About this exercise:
All lines from the one that contains "Modern Pendant Lighting" through the final line of the entries must be repeated exactly. No other lines belong in the output.

Extracted records:
--------------------------------

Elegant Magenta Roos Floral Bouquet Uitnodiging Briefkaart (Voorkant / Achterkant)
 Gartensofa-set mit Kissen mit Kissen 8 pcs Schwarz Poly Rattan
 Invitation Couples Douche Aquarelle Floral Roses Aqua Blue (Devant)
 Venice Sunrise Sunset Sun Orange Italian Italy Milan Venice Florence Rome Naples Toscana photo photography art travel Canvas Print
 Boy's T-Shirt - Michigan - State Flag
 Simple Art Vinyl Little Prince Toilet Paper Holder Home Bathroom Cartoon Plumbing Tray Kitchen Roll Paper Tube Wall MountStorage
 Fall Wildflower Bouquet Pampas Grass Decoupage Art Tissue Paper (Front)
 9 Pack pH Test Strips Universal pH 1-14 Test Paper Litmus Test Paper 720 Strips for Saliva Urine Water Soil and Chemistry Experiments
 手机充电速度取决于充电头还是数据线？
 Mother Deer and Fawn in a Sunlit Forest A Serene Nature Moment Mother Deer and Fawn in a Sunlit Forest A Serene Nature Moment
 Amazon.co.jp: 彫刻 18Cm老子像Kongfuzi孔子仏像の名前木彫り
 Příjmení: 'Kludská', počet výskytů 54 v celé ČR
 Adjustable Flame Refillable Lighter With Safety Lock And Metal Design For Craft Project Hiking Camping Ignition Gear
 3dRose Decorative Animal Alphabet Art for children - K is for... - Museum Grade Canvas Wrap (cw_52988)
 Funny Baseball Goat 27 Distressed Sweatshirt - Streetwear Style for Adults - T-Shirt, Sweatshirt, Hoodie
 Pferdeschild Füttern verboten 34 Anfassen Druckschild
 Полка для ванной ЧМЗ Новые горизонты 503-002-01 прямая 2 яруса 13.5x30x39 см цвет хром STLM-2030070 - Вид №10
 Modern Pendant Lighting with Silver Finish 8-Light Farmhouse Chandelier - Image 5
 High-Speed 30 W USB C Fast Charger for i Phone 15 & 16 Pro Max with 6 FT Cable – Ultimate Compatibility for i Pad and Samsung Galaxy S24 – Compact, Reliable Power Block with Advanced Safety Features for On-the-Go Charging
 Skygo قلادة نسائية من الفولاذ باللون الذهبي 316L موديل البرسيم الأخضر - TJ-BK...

--------------------------------

Task response:
 Modern Pendant Lighting with Silver Finish 8-Light Farmhouse Chandelier - Image 5
 High-Speed 30 W USB C Fast Charger for i Phone 15 & 16 Pro Max with 6 FT Cable – Ultimate Compatibility for i Pad and Samsung Galaxy S24 – Compact, Reliable Power Block with Advanced Safety Features for On-the-Go Charging
 Skygo قلادة نسائية من الفولاذ باللون الذهبي 316L موديل البرسيم الأخضر - TJ-BK...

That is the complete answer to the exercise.